For accomplished songwriter/guitarist Rett Smith, getting ink is similar to creating music. In essence, the creator of the "band" Saents said, "tattoos inspire me the same way any work of art or artist inspires me. They inspire a thought or movement I wouldn’t of had otherwise." Expanding on that, he said, "Seeing a great tattoo is no different to me than going to museums like MoMa or The Met and being transported through the art being shown there."

With the blues/rock act's debut, self-titled EP, you'll find yourself transported a bit. Smith formed Saents with drummer Daniel Sousa as an eclectic sound that you can't pigeonhole into any one genre. But, I'll say this. The music is dark, vulnerable, and raw to the core - all with influences of spots he's lived in or passed through. (He's from New Mexico, but has lived in New York, Nashville, Los Angeles and Nashville.)

Smith assembles a bunch of musicians to make up the band. He's an accomplished solo artist and guitarist (check out Oscuro and Tularosa) in his own right, but always wanted to be a part of something bigger. I chatted with Smith recently, and asked him to expand on that a bit.

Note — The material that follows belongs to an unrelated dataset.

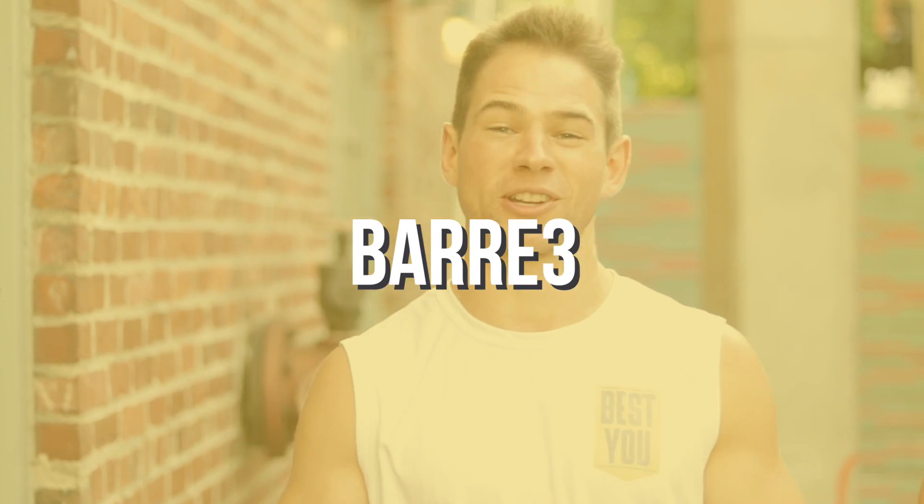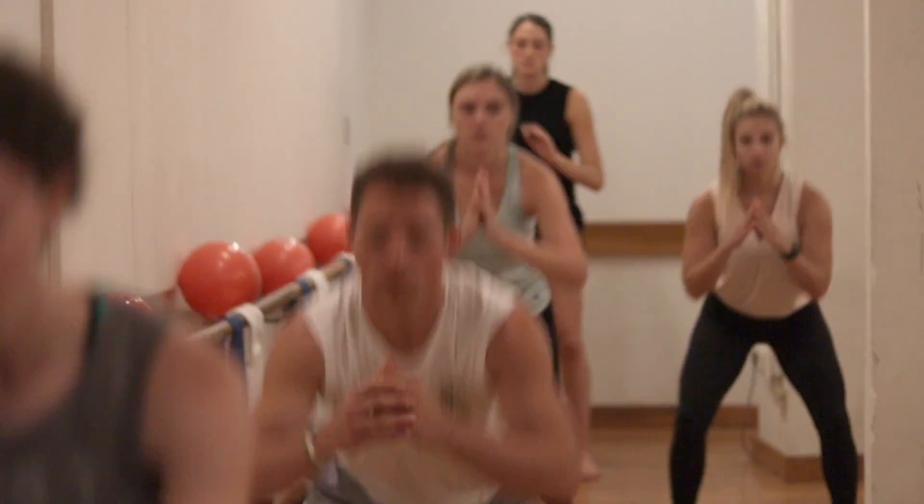What's up everybody? Welcome to episode number 38. I'm here at Bar3 and the goal is to just finish the super intense class with Charo Bishop. So Charo, tell me a little bit about what makes Bar3 unique and special.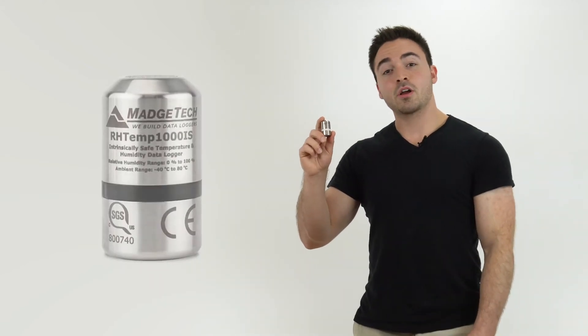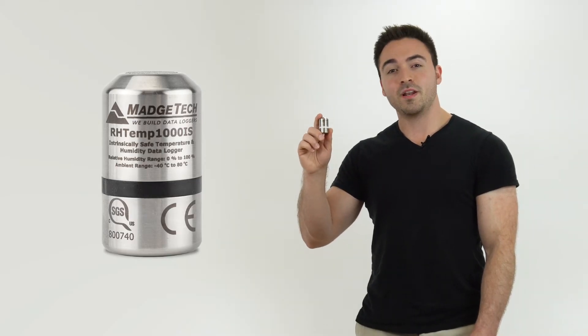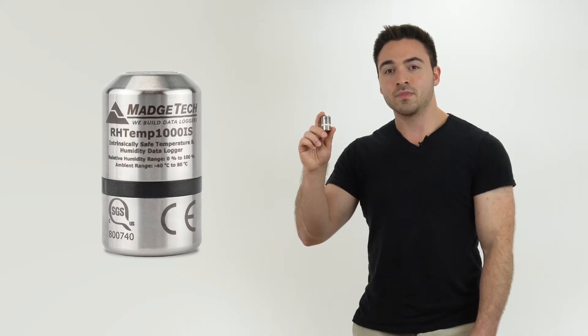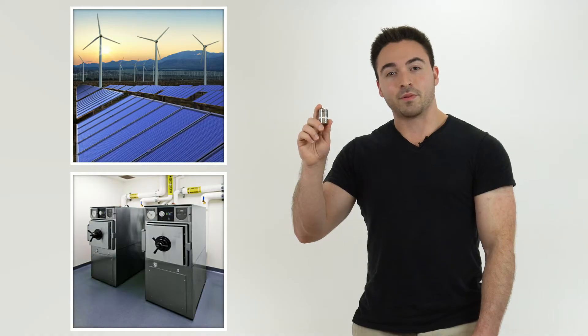Hey everyone, my name is Eric and today we're talking about the Rhtemp 1000IS Data Logger. This is a food grade stainless steel temperature and humidity data monitoring device that has been SGS approved as intrinsically safe in hazardous environments. This certification makes the device ideal for ETO sterilization, environmental studies, and numerous other hostile environment applications.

You had a solo career before this individually. Describe the dynamic of working with a full band now.

Saents has become a conduit more for creative freedom as opposed to a band or solo-career. I always felt that playing under my own name was limiting, not in a bad way necessarily, but I felt a responsibility to do almost everything. Although Saents is in a way still a solo-project, I’m now much more open to the process evolving.

These songs are new to us but tell me how long you’ve lived with them and how they’ve evolved.

All of these songs were written very closely to the time they were recorded and released. I write almost constantly and really like the pressure of recording while not being completely comfortable with every little part of the arrangement. When there’s an edge and tension of not knowing what is going to happen is in the studio, the best results seem to be able to come through.

When did you decide to make it an EP versus a full length? How is that process in determining how to share your body of work?

At the moment, I really like recording and releasing EPs and having them come out more frequently. Because Saents is still so new I think it makes sense to have this approach and let people discover the music and grow along with us. I have the next two EPs recorded and can’t wait to get them out. We should have songs being released pretty steadily over the next few months.

I hear ya. Full lengths seem to be dying but do you plan on making one down the road?

They do seem to be dying out, which is kind of sad. That being said, as an artist I feel it’s important to create bodies of work that tell more of a complete story than what a single or even an EP can tell. I definitely have a plan for the full length and will begin recording sometime in the fall. The wheels are turnin’.

Talk to me about your tattoos .

I’ve taken a slow and steady approach of getting tattooed and have been lucky to always work with really amazing artists. Adrian Gallegos at High Voltage in LA did my first tattoo, which is a tribute to mother Betsy, and since have been getting mostly traditional work as the inspiration comes.

Are they all important or do you just get some throwaway fun ones.

At the moment, they are all important and represent some heavy shit, but I’m getting the urge to let go and have a little more fun with some new ideas.

Do you favor a specific artist?

My newest tattoo is a black and grey scorpion by Lizzie Duggan. Her vision and detail is really mind blowing! I’m hoping to get tattooed by her as much as I can in the next couple months.